Cricketer Of The Year
It's puerile.

People are literally jumping over their grandmother for cash.

But hey, it's in keeping with the nonsense that is T20 internationals. And the fact that anyone buys Tui suggests their marketing is working.
 

SteveNZ

Cricketer Of The Year
Anyway, see ya later West Indies - you were awful. Hope you at least produced some results off-field, although it would be a sad state of affairs if our women resorted to sleeping with the Windies C team, who can't bat bowl field or even swagger decently anymore.
 

Howsie

International Captain
Forget somebody being seriously hurt for a second, I’m waiting for the day where somebody bumps the wrong person out of the way, or knocks the wrong persons kid over and gets their ass whopped. Would be a good look on live tv when they cut back to show the muppet who dropped the latest catch who is now getting his head punched in.
 

TheBrand

First Class Debutant
Seems weird though, never remember this problem last time they ran it during the World Cup. But I wonder if they shouldn't do it through the T20Is? The ODIs definitely have less chances etc.
 

straw man

Hall of Fame Member
I don't want to infuriate the "wahh fun police" crowd too much, but surely something needs to change. Maybe designated zones for Catch-A-Millioners and other zones for people who'd rather not have unco drunks landing on them?
What's funnier than five orange idiots trying to catch a cricket ball one handed while holding a beer? ONE HUNDRED orange idiots packed together trying to catch a cricket ball one handed while holding a beer.
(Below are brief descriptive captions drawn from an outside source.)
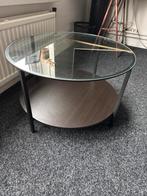 Kleine ovale salontafel met glazen blad, Huis en Inrichting, Gebruikt, Ophalen of Verzenden, Glas, Minder dan 50 cm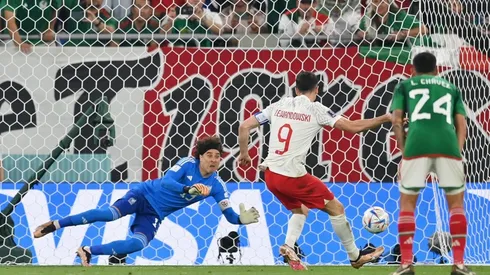 ¿Qué racha cortó Guillermo Ochoa en la Selección de México tras atajar el penal a Robert Lewandowski?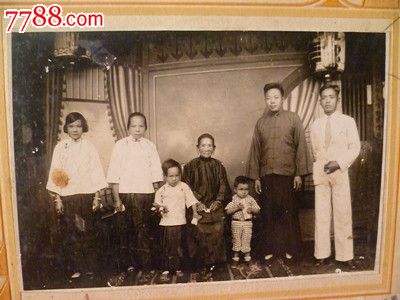 民国早期富贵家族全家福合影老照片<em>三寸金莲</em>小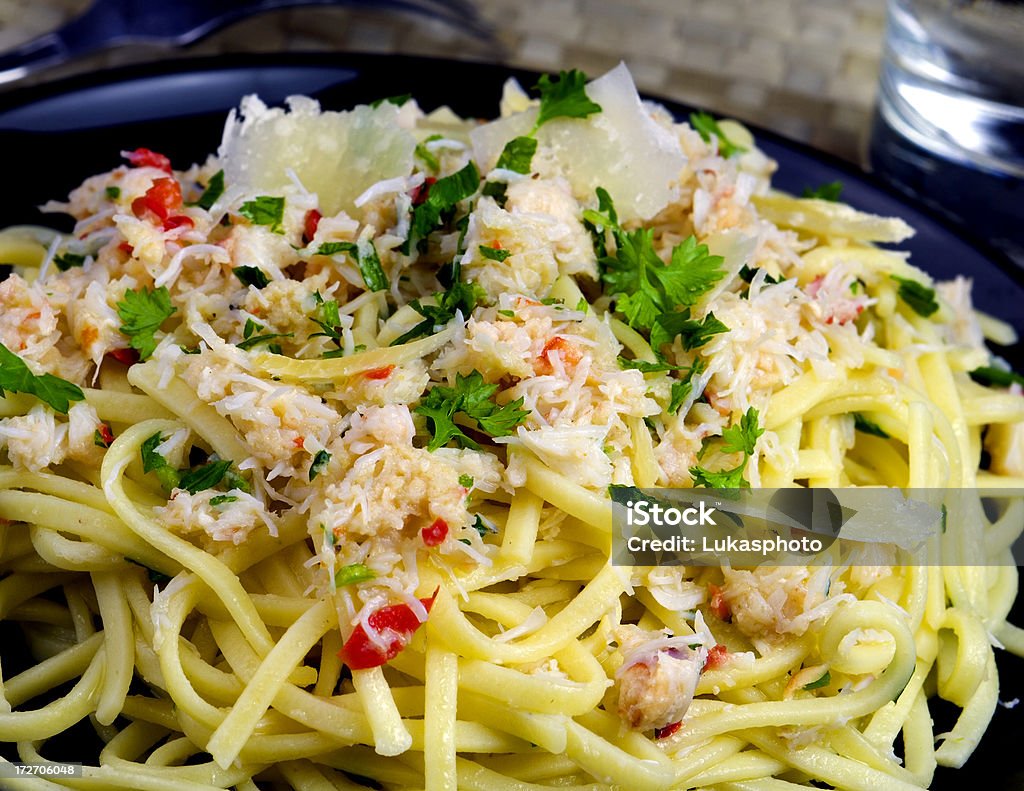 Linguine z makaronu, mięsa Sos z crab - Zbiór zdjęć royalty-free (Krab - Owoce morza)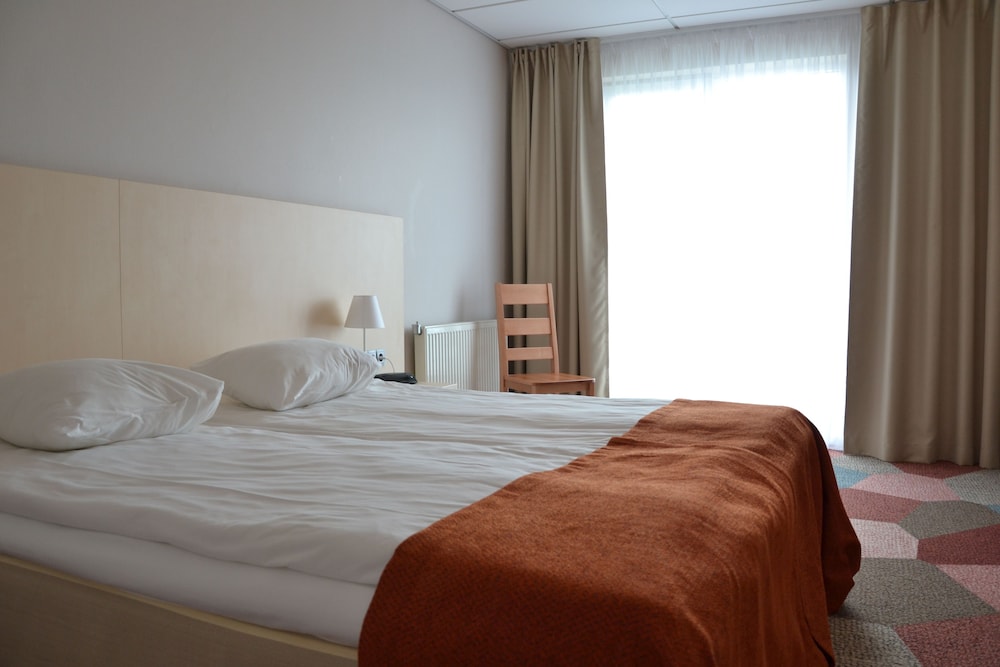 Standard Double or Twin Room - Photo 10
I see this has also been suggested here: Catch-A-Million should be banned before someone gets seriously hurt
 

SteveNZ

Cricketer Of The Year
Seems weird though, never remember this problem last time they ran it during the World Cup. But I wonder if they shouldn't do it through the T20Is? The ODIs definitely have less chances etc.
Was that because the stadiums were generally seated - Eden Park, Cake Tin etc? Spose there might've been some horsing around at Hagley, Hamilton etc but yeah few less sixes as well.

Honestly, if some half-skunked idiot jumped across me and onto my family - like Howsie said - they'll cut back to the guy and I'll be punching his lights out. Seriously. I had originally planned to take my 3 year old last night but didn't because of the weather looking ominous. The idea that I can't because ****wits in orange shirts are going to go flying across us with no other thought than nailing 50k is putrid. Put them in their own area. Or **** can the whole thing because it's a silly sideshow to the cricket which is apparently why we're there or watching it, because T20s internationals are somehow relevant.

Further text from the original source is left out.